▶ _Brief_
Each line below must be set down exactly as it stands.

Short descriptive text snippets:
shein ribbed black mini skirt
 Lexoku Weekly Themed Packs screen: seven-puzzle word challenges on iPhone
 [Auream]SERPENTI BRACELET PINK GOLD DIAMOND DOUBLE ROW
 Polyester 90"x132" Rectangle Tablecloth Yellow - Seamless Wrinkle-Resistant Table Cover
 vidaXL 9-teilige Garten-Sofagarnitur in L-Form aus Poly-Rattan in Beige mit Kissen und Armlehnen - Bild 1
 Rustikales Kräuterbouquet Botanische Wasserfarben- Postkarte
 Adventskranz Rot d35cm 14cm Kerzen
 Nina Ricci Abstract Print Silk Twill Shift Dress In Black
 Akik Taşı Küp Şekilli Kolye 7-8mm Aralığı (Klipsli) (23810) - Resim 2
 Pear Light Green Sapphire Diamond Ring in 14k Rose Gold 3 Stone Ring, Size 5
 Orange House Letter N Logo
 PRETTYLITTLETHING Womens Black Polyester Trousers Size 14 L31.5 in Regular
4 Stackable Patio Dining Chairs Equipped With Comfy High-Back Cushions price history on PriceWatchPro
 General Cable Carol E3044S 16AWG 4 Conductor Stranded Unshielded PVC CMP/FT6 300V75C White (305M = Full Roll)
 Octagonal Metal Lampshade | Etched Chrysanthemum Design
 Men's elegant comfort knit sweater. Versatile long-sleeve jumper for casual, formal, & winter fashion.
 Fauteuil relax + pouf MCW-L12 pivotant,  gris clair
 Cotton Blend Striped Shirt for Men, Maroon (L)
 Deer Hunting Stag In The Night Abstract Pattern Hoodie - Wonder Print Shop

▶ _Written response_
shein ribbed black mini skirt
 Lexoku Weekly Themed Packs screen: seven-puzzle word challenges on iPhone
 [Auream]SERPENTI BRACELET PINK GOLD DIAMOND DOUBLE ROW
 Polyester 90"x132" Rectangle Tablecloth Yellow - Seamless Wrinkle-Resistant Table Cover
 vidaXL 9-teilige Garten-Sofagarnitur in L-Form aus Poly-Rattan in Beige mit Kissen und Armlehnen - Bild 1
 Rustikales Kräuterbouquet Botanische Wasserfarben- Postkarte
 Adventskranz Rot d35cm 14cm Kerzen
 Nina Ricci Abstract Print Silk Twill Shift Dress In Black
 Akik Taşı Küp Şekilli Kolye 7-8mm Aralığı (Klipsli) (23810) - Resim 2
 Pear Light Green Sapphire Diamond Ring in 14k Rose Gold 3 Stone Ring, Size 5
 Orange House Letter N Logo
 PRETTYLITTLETHING Womens Black Polyester Trousers Size 14 L31.5 in Regular
4 Stackable Patio Dining Chairs Equipped With Comfy High-Back Cushions price history on PriceWatchPro
 General Cable Carol E3044S 16AWG 4 Conductor Stranded Unshielded PVC CMP/FT6 300V75C White (305M = Full Roll)
 Octagonal Metal Lampshade | Etched Chrysanthemum Design
 Men's elegant comfort knit sweater. Versatile long-sleeve jumper for casual, formal, & winter fashion.
 Fauteuil relax + pouf MCW-L12 pivotant,  gris clair
 Cotton Blend Striped Shirt for Men, Maroon (L)
 Deer Hunting Stag In The Night Abstract Pattern Hoodie - Wonder Print Shop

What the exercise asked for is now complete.